Segment Start: Supplied data

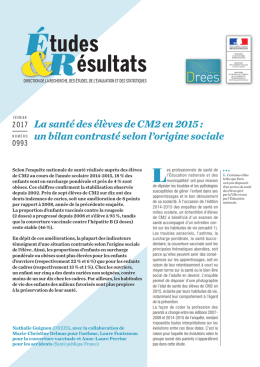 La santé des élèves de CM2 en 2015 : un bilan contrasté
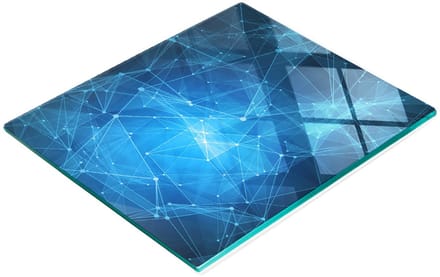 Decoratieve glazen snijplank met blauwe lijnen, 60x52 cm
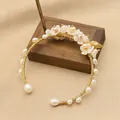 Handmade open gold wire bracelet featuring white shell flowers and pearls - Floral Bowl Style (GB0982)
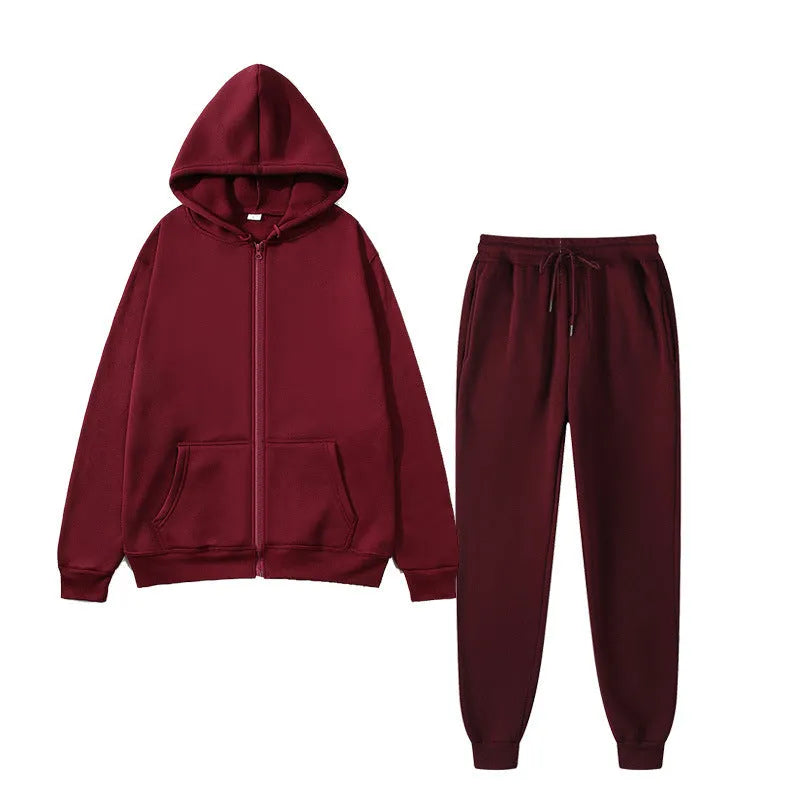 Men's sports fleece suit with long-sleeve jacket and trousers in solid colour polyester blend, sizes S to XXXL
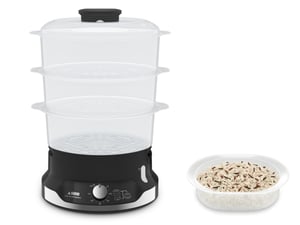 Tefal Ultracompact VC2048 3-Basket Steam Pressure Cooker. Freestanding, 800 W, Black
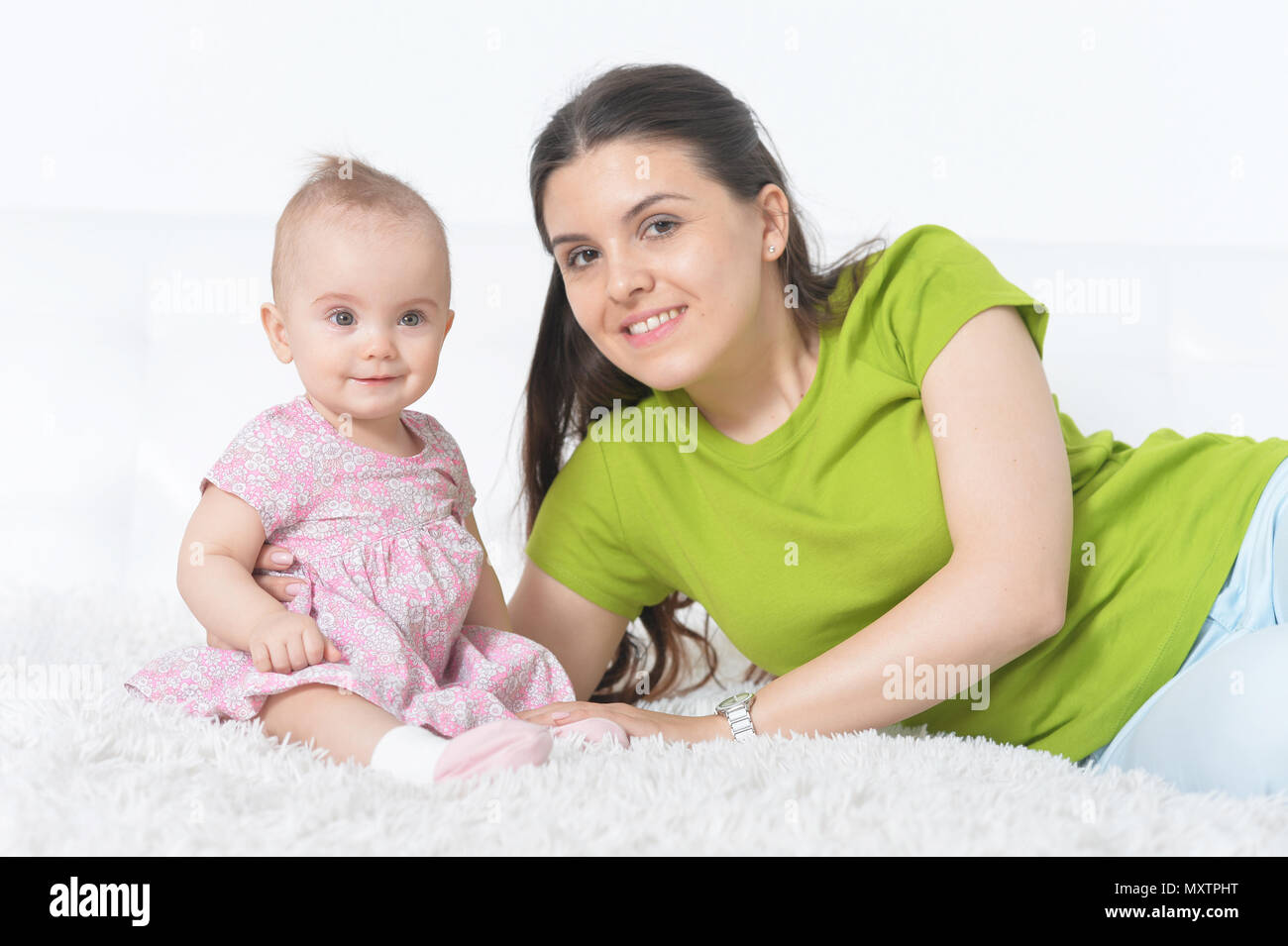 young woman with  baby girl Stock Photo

Segment End: Supplied data

Would you repeat exactly, and only, the lines from the start of the records above through the line containing "Men's sports fleece", with the pictures omitted?

 La santé des élèves de CM2 en 2015 : un bilan contrasté
 Decoratieve glazen snijplank met blauwe lijnen, 60x52 cm
 Handmade open gold wire bracelet featuring white shell flowers and pearls - Floral Bowl Style (GB0982)
 Men's sports fleece suit with long-sleeve jacket and trousers in solid colour polyester blend, sizes S to XXXL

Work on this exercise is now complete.